PROBLEM STATEMENT:
Each line of the data that includes "Women" must be copied.

───

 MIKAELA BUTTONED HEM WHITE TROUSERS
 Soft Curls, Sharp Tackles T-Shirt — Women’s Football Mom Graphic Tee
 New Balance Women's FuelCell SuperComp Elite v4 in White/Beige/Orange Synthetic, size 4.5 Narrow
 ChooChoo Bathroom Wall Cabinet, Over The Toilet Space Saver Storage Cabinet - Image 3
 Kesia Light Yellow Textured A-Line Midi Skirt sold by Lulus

───

ANSWER AREA:
 Soft Curls, Sharp Tackles T-Shirt — Women’s Football Mom Graphic Tee
 New Balance Women's FuelCell SuperComp Elite v4 in White/Beige/Orange Synthetic, size 4.5 Narrow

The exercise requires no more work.